A long and tiring (but great) week– Part Two

Click here if you haven’t read Part One yet! 

Thursday:

Janie and Steinar were generous enough to treat us to Mona Lisa (the local pizza place) on Wednesday night, however that meant we didn’t get back until past 10:00pm. Still having to unpack from the day kiting and repack for Thursday and Friday, they delayed our departure on Thursday morning. We took our time, and didn’t begin our trek until close to noon. It was (once again) a beautiful morning.

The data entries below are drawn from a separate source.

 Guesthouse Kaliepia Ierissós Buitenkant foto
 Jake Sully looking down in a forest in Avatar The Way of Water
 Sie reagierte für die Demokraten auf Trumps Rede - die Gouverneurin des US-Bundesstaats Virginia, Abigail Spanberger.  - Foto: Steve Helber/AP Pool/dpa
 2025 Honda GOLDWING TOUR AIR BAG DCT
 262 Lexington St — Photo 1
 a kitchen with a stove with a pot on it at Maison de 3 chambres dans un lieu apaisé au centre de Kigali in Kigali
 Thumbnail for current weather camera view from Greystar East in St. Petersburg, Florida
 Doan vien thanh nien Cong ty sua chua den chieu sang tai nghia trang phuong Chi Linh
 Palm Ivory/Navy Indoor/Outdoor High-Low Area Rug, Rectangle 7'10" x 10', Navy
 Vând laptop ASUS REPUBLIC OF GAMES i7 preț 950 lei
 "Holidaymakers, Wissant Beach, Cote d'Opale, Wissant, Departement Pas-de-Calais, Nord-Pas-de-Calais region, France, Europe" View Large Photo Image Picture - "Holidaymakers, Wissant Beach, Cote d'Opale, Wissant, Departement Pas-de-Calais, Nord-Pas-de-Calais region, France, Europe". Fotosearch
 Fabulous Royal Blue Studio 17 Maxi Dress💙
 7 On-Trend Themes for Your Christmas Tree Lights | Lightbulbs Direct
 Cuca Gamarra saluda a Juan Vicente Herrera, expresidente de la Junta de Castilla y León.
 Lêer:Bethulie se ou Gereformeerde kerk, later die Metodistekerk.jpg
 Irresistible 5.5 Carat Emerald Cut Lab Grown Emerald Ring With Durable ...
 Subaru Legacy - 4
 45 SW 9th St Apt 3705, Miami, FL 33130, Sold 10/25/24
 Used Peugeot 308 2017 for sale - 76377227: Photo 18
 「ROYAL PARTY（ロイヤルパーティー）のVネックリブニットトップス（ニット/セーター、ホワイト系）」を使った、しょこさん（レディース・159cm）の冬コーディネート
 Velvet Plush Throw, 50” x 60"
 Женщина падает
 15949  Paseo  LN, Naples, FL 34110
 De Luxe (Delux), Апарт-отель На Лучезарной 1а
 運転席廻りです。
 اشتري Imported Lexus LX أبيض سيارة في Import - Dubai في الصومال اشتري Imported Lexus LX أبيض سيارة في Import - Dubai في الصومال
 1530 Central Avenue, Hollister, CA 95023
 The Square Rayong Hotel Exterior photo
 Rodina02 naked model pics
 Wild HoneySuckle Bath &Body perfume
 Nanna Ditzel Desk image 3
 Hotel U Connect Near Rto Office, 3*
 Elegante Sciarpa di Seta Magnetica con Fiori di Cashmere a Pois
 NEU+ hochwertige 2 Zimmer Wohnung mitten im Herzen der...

Let me now refer to my map. We began at a place called Utvikfjellet, sitting at about 662 meters above sea level. We then walked a mere two kilometers before breaking for lunch at Inste Heia. From there we summited our first top: Fløtravarden (869 MASL.) We then crossed on over towards our second top, Snøfjellet. Although we did go downward a little bit, there wasn’t too much of a decrease in elevation yet. “Now do you feel like a true Norwegian?” Vigdis asked me, as we neared the top of Snøfjellet. Although I had been on these type of trips before, this was my first time on fjellski. For those of you who don’t know, fjellski, (or mountain skis,) are very light and very thin. They are ideal for going up mountains, but a little foreshadowing– not so ideal for going down.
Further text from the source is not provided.